Yeah, I'm adding this article to my writing notes, because it doesn't scream "dystopian society" AT ALL. *Sarcasm* (In case you didn't pick up on that.)
Bon Appetit shares my skepticism: Whole Foods Wants Your Handprints. What Could Possibly Go Wrong? From the article:
Jeff Bezos is one step closer to transforming your mortal bag of bones into a lean, mean, money-dispensing machine. The body part in question: Your hands. Amazon is rolling out its palm-scanning technology at more than 65 Whole Foods grocery stores in California over the coming weeks.
Customers can activate their palms by registering a handprint via an Amazon One kiosk or at checkout in participating stores. Along with a skin scan, you’ll need to offer a bank card, provide your phone number, and say “yes Jeff” to Amazon’s terms and conditions. Once set up, you can lug all the organic kale and age-defying collagen powder you like to checkout. You’ll hover a palm over the scanning device to pay—just as you would place a hand on the bible—then you’re good to go.

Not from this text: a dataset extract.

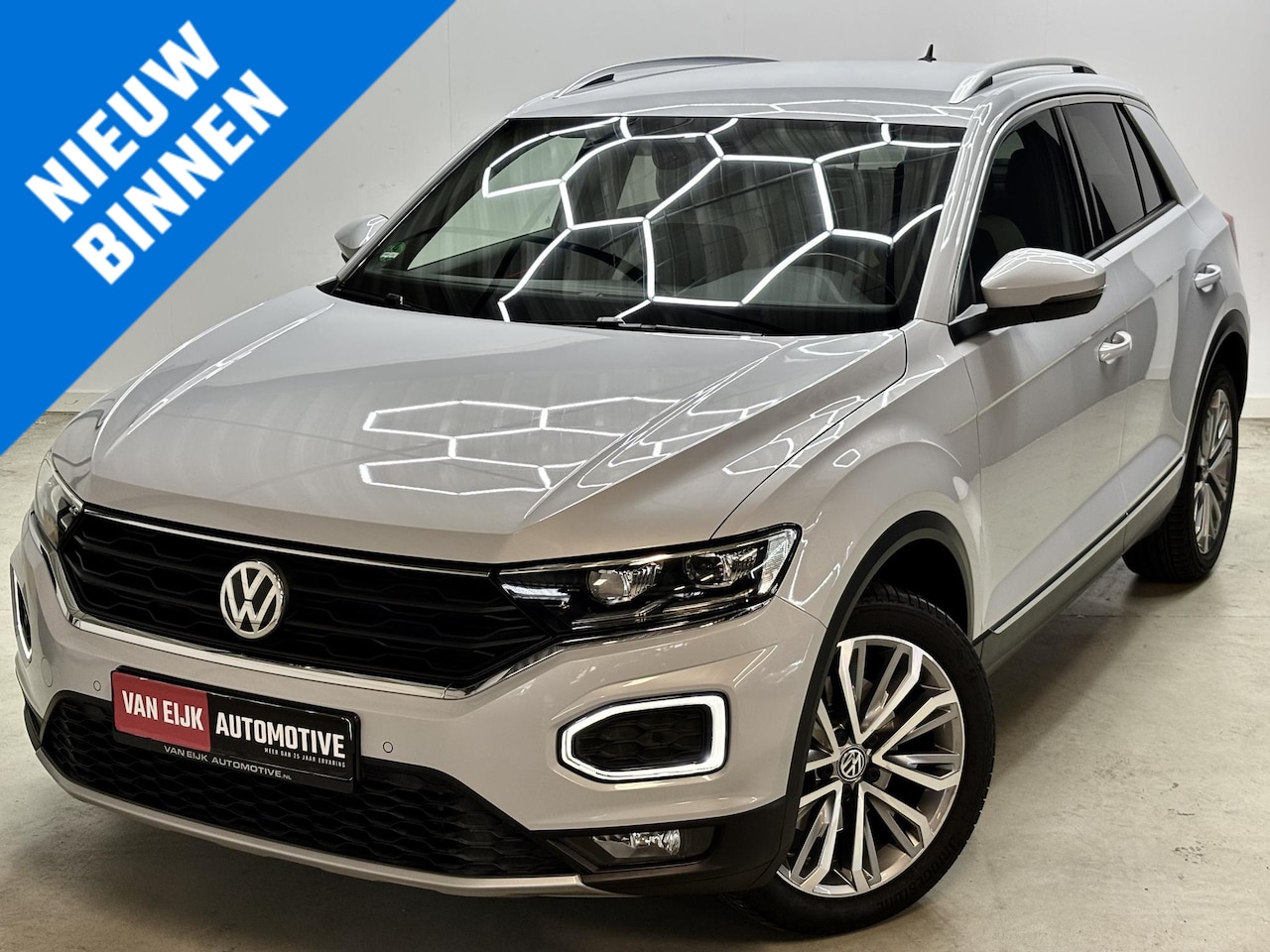 Volkswagen T-Roc - 1.5i Sport / Virtual / Carplay / Navi / EL Koffer Achteruitrijcamera / zwarte hemel / vol! - AutoWereld.nl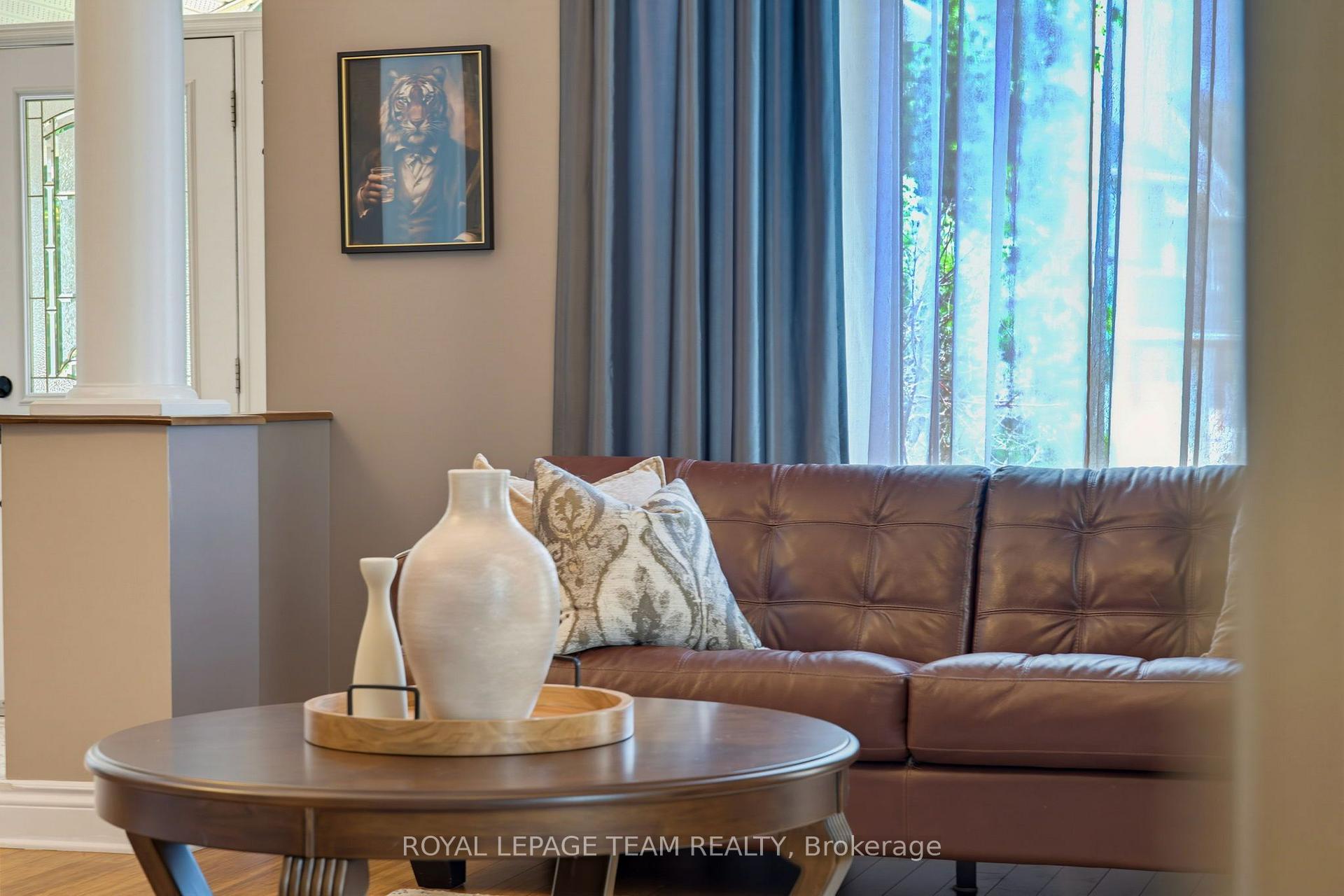 Photo 9 of 7 Tradewinds Drive, Ottawa, Barrhaven East — HOMEH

You need to read the whole article, because the author really isn't having any of this. And I'm not either. I remember writing checks at the checkstand, and really, it wasn't that hard. Now all we have to do is jam a credit card into a slot for a few seconds, and off we and our groceries go. Easy peasy. If that's too much of an inconvenience, I don't know what to tell you.
So apparently the way it works is that you give Amazon your unique handprint, they store it in the cloud or something like that, oh, and it's tied to your credit card. If that isn't a security breach begging to happen, I don't know what is.
Look, I like Whole Foods as much as the next person, but I'm also not keen on having my life turned into an episode of The Twilight Zone. So yeah, this one's a pass.